Pietro Pedeferri e la scuola di corrosione e protezione dei materiali al Politecnico di Milano

Milano, 26-27 settembre 2013

L'INGEGNERIA DELLA CORROSIONE E LA SCUOLA DI MILANO

B. Bazzoni 1, L. Lazzari 2
1 Cescor srl, Milano
2 Dipartimento CMIC, Politecnico di Milano, Milano

RIASSUNTO

La memoria riprende il titolo del convegno, e guarda alla scuola di corrosione e dei materiali del Politecnico, ma anche ad altre realtà presenti a Milano, quali l'Università degli Studi, e una serie di realtà industriali e di associazioni, che tutte insieme hanno fatto ‘scuola’ e sono risultate determinanti per la costituzione e la crescita di attività d’impresa qual è Cescor. La memoria, oltre a fornire una serie di informazioni sull’ingegneria della corrosione in Italia negli ultimi trent’anni, prova a cogliere i legami tra accademia e realtà industriali, individuando una serie di filoni, come la material selection, la protezione catodica, l'integrity, il calcestruzzo, dove il contributo di Pietro è stato particolarmente influente.

I DISCORSI SU PIETRO

Pietro era personalità poliedrica, con interessi diversi che lui era in grado di coltivare e sviluppare in forme tradizionali e originali allo stesso tempo. I discorsi possibili su di lui sono più d’uno: scientifico, artistico e poetico, storico e letterario, e altri, tutti documentati, ad opera prima di tutto di Pietro stesso, come testimoniano le sue numerosissime pubblicazioni scientifiche e i suoi tanti libri. Il discorso su Pietro artista e poeta dei colori è forse il più noto e il più originale, e, sebbene ammiratori e fruitori delle sue opere, non pensiamo tuttavia di essere titolati a trattarne. Al Pietro artista e poeta ci piace associare quello di studioso della storia dell’elettrochimica, coltivata in forma appassionata soprattutto negli ultimi anni – uno dei collegamenti essendo per ovvi motivi Leopoldo Nobili e le sue apparenze elettro-chimiche, ma anche Alessandro Volta e Luigi Galvani; un’attitudine di cui Pietro, come lui stesso ci suggerisce, è debitore anche al professor Piontelli, che della storia dell’elettrochimica fu cultore (1).

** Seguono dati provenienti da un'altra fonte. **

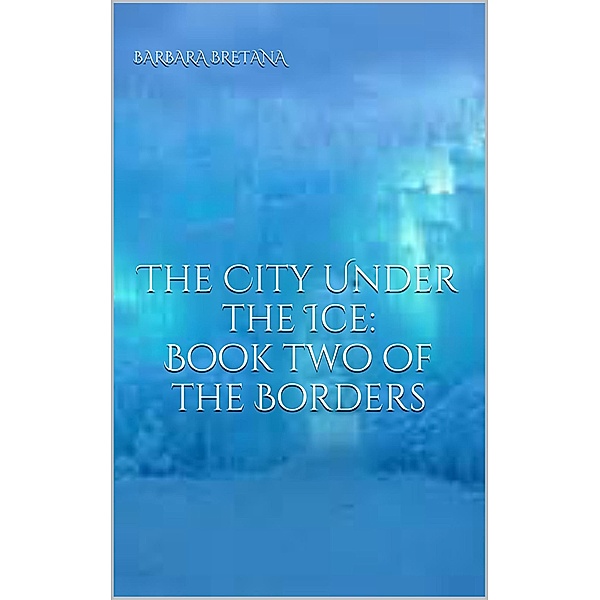The City Under the Ice (The Borders Between Magic and Maybe, #2) / The Borders Between Magic and Maybe, Barbara Bretana
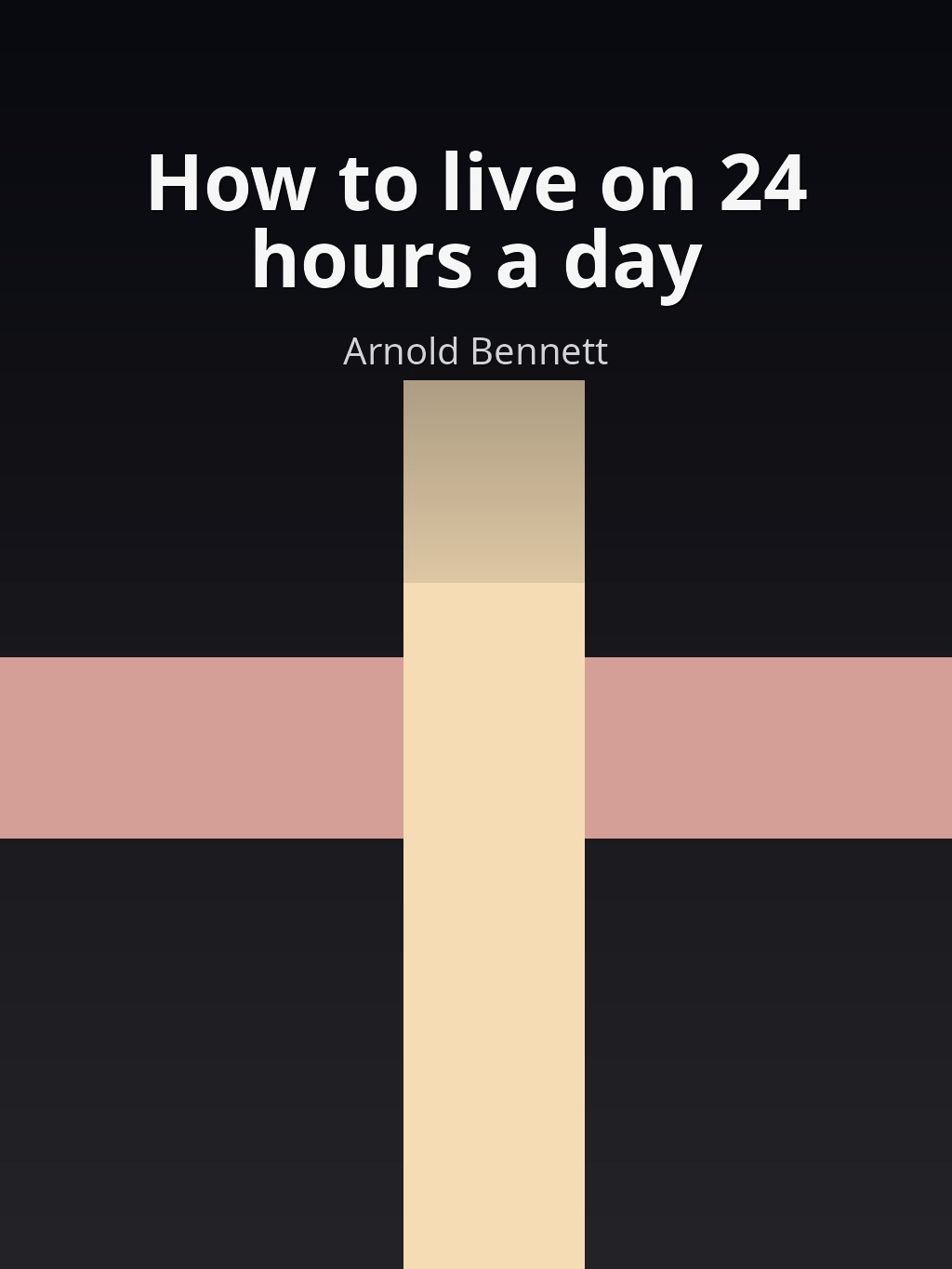 How to live on 24 hours a day by Arnold Bennett book cover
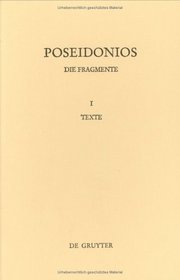 Poseidonios. Die Fragmente: I. Texte. II. Erlauterungen (Texte Und Kommentare)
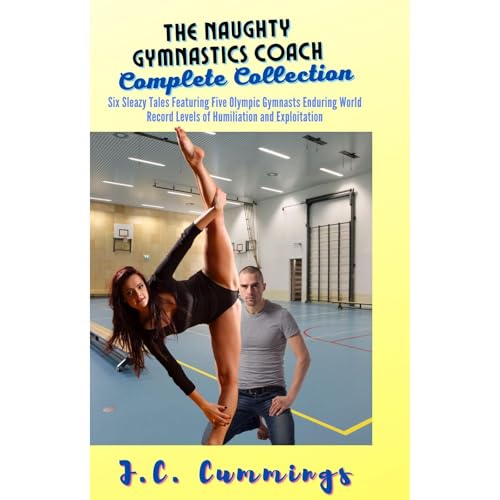 Cover of The Naughty Gymnastics Coach Complete Collection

Invece vogliamo provare a parlare qui di Pietro ingegnere. L’argomento va “preso con le molle” perché i distinguo tra scienza e ingegneria sono delicati, e Pietro in particolare era molto suscettibile sull’argomento, rigettando le barriere tra scienza e tecnologia, in linea del resto con la scuola da cui proveniva – quella della tecnologia razionale del professor Piontelli, appunto. Pietro era uno studioso della teoria dei processi elettrochimici di corrosione dei metalli, molto rigoroso nel linguaggio e nel rispetto dei principii. Allo stesso tempo era molto attento agli aspetti applicativi, dei materiali e delle tecniche di prevenzione. In questo senso la protezione catodica ha rappresentato la tecnologia che per lui meglio si prestava alla coniugazione degli antichi principi di elettrochimica, quelli di Sir Humphry Davy o addirittura di Alessandro Volta, alle moderne applicazioni industriali; e tra queste in particolare quelle in acqua di mare dove chimica e elettrochimica prevalgono sugli aspetti elettrotecnici.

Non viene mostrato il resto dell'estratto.